May 19, 2007

 Are the wheels coming off corn ethanol?

The Wall Street Journal yesterday had a Potomac Watch column by Kimberley Strassel, "Ethanol's Bitter Taste," behind their paywall, detailing the political hostility rising corn prices are stimulating even in corn states (because those are also chicken, beef, hog, etc. states).
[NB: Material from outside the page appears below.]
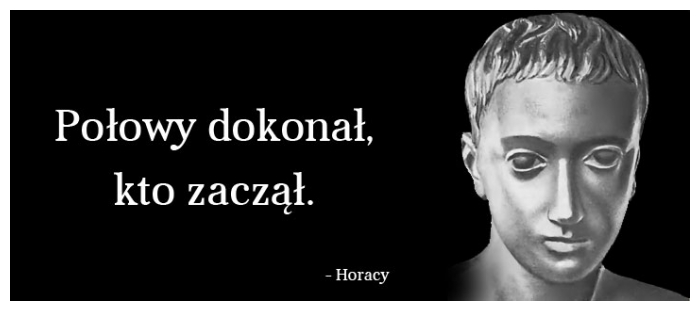 Osiągnął...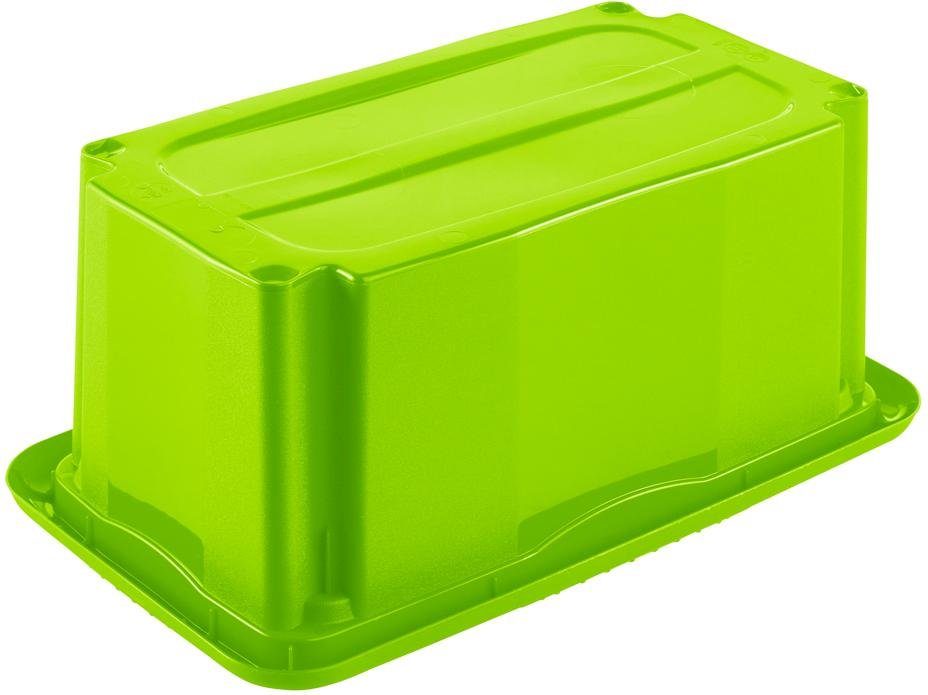keeeper Organizer Emil Opbergbox, 7 L, met deksel, hoogwaardige kunststof (set, 4-delig)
At an agriculture conference in Indianapolis last fall, Indiana Gov. Mitch Daniels, Agriculture Secretary Mike Johanns and EPA Administrator Stephen Johnson spoke, delivering their usual fare about how ethanol was the greatest thing since sliced corn bread. They expected warm applause; in the past the entire ag community united around helping their brother corn farmers make a buck. But now that ethanol is literally taking food from their beasts' mouths, much of that community has grown less friendly. According to one attendee, Messrs. Daniels, Johanns and Johnson were later slammed with snippy ethanol questions from angry livestock owners, much to their dazed surprise. Word is that even the presidential candidates—who usually can say no wrong about ethanol while touring the Midwest—are having to be more selective about where they make their remarks. Things are even hotter in Washington, where lobbying groups are firming up their positions against corn ethanol. The hugely influential National Cattlemen's Beef Association has gone so far as to outline a series of public demands, including an end to any government tax credits (subsidies) for ethanol and an axe to the import tariff on foreign ethanol. Put another way, the cattlemen are so angry that they are demanding free markets and free trade—a first. Maybe ethanol really is a miracle fuel.

And this morning, Kevin Drum picked up on a study I did with some colleagues, mentioned here a month ago, that highlights the importance of distinguishing various ways of making ethanol, with an appropriately skeptical tone. He used the word boondoggle, and he used the word sucks, although neither as blanket condemnations.